Jake Slobe | October 26, 2016
Recent Iowa State University data shows that 100-year flood plain maps actually map 25-year flood plains. The data also shows that an increasing frequency of large rainfall events throughout Iowa. In Cedar Rapids, the number of heavy rainfall events has increased by 57 percent over the last 100 years.
Kamyar Enshayan, director of the University of Northern Iowa Center for Energy and Environmental Education says that part of the reason for these increases in flooding is coming from changes in land use.

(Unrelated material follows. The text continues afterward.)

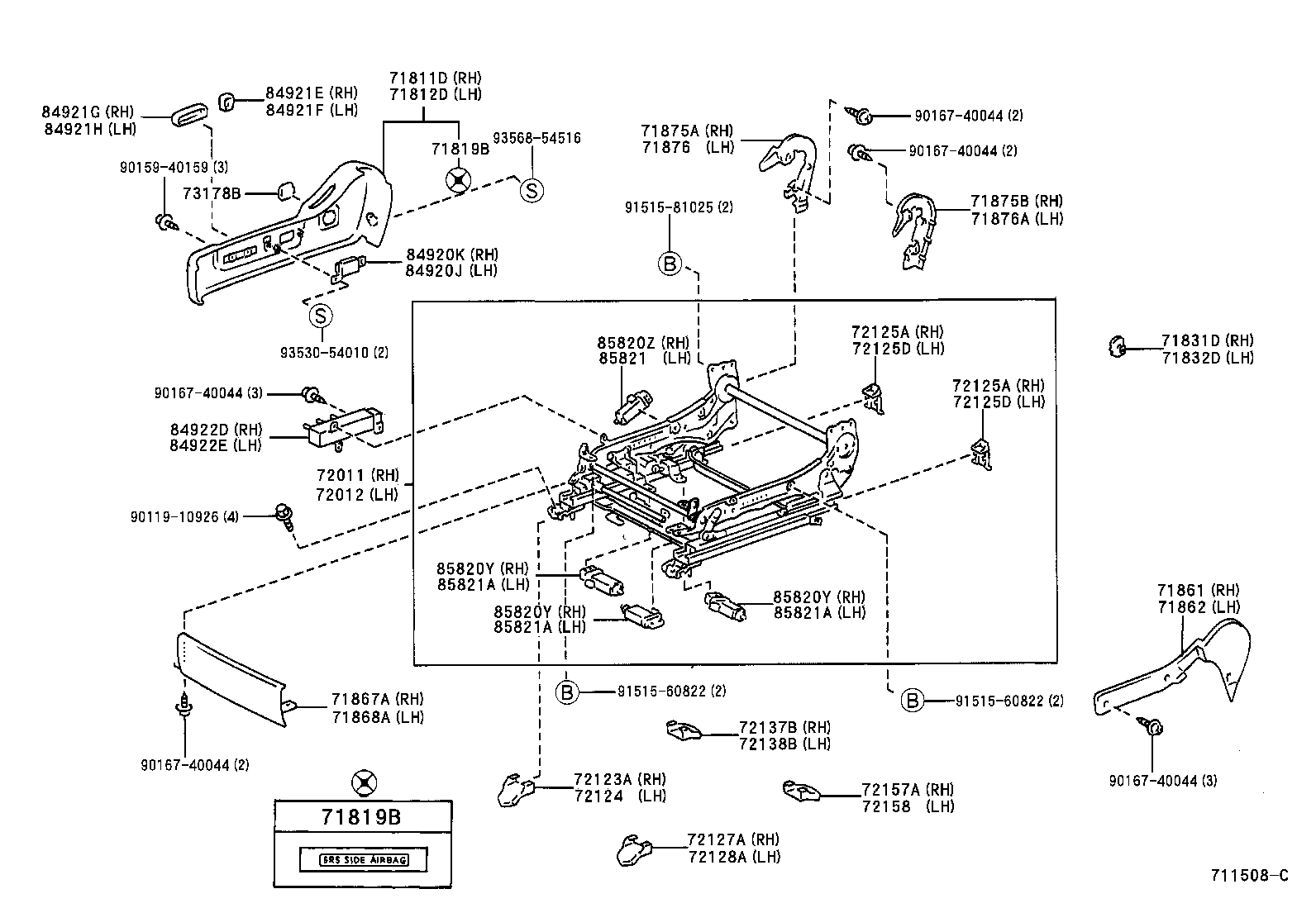 71052-30070 PAD, FRONT SEAT CUSHION, LH (FOR SEPARATE TYPE) product image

“Over the last 100 years, we have significantly altered the hydrology of our state. The part that we can do something about that would have fairly immediate results is land use change, meaning changing the way our cropping system works, and reestablishing some of the elements we’ve lost like wetlands and forests.”
Currently, the vast majority of Iowa’s agricultural land has, for a long time, been under cultivation in a two-year, corn-soybean rotation. Long-term studies at Iowa State University have demonstrated that moving to a three or four-year crop rotation would lead to a significantly different system that could naturally reduce flooding.
Researchers in Iowa are now analyzing the impact of upstream flood mitigation efforts — as well as determining the costs of potential efforts.
For example, the cost of funding watershed management projects, to help mitigate flood in the state is estimated to be around $5 billion, which is a bargain when put in the context of the cost of flood damage recovery. The damage from the 2008 flood alone was estimated at $10 billion across the state.